I recently attended the Barleywine Bacchanal at Beveridge Place Pub in West Seattle. In my post discussing this event, I provided some basic tasting notes for the various barleywines I tried at the festival. As I was composing that post and reading over my tasting notes, I realized that my observations about each barleywine were only superficial. Basic smells, malty or hoppy, clean finish or aftertaste, etc.
While those were worthwhile notes, I've been longing for a way to make my tasting descriptions more precise, more consistent, and more accurate. Both for my own benefit and for the benefit of you, my readers - so that you'll have a better idea of what types of beers you read about here that you might enjoy for yourself.
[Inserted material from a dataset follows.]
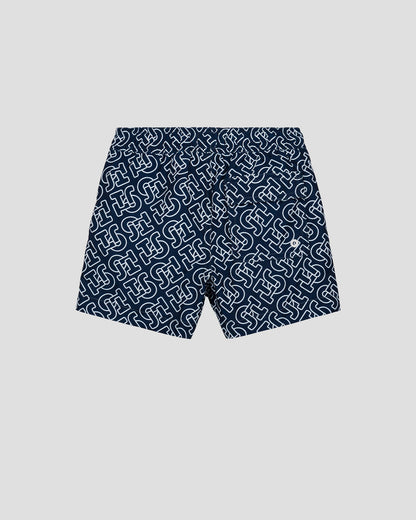 Maillot de bain Mono marine Mimosa Monogram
I've known about the Beer Judge Certification Program (BJCP) for quite a while now but, for some reason, I've never pursued getting my certification. Well, I've decided it's time to do just that. Becoming certified is a long road and does not end with your initial certification. There are various levels of judging excellence (rankings) you can achieve.
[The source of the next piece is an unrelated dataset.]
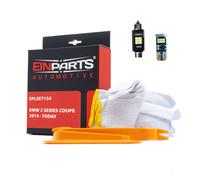 Kit Lampadine LED Interni 6000K Compatibile con Bmw 2 Series Coupe 2014-2016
Your rank is determined by your exam score(s) combined with your experience points:
-At least a 'passing' score on the exam and at least 5 experience points nets you the rank: "Recognized".
-A score of at least 70 on the exam and at least 5 experience points nets you the rank: "Certified".
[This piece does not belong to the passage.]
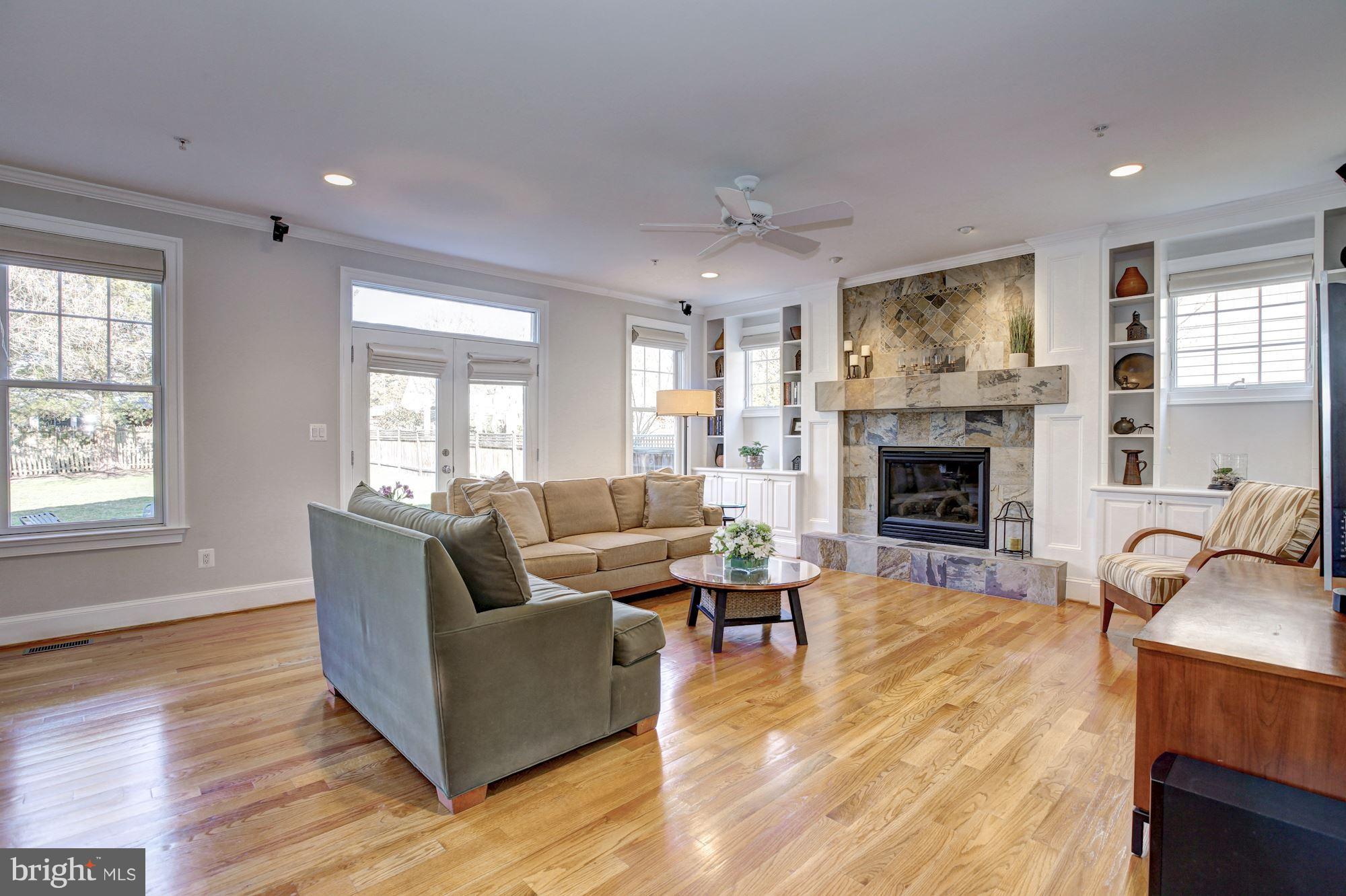 CABIN JOHN PARK - Residential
-A score of at least 80 on the exam and at least 20 experience points nets you the rank: "National".
BJCP Judges can achieve "Master" status with a score of at least 90 on the exam and at least 40 experience points.
I'll go it on my own, but I'd prefer to find a few friends to take the journey with me. The BJCP flavor kits - which can help you learn the various desired and 'off' flavors in beers is not very expensive, but they do provide enough flavors for 20-30 beer drinkers! Wow.
(If any of my readers are interested in pursuing the BJCP Certification with me and you live in the Seattle/South Sound area, please contact me at firstname.lastname@example.org.)
Once certified, BJCP Certified judges can sign up/apply to be a judge at a wide variety of beer competitions. Some big advantages of this include being among the first to taste many new beers (as the judges usually get first shot at most judged competitions and festivals), as well as the ability to provide other beer afficianados with precise scores and descriptions, to assist them in making their choices from the large number of beers usually available at most competitions and festivals.
The first step in my journey will begin with renewing my membership in the American Homebrewer's Association. I was a member for several years, but I've allowed my membership to lapse and it's time to get active again. Wish me luck!
Drink responsibly and stay safe out there!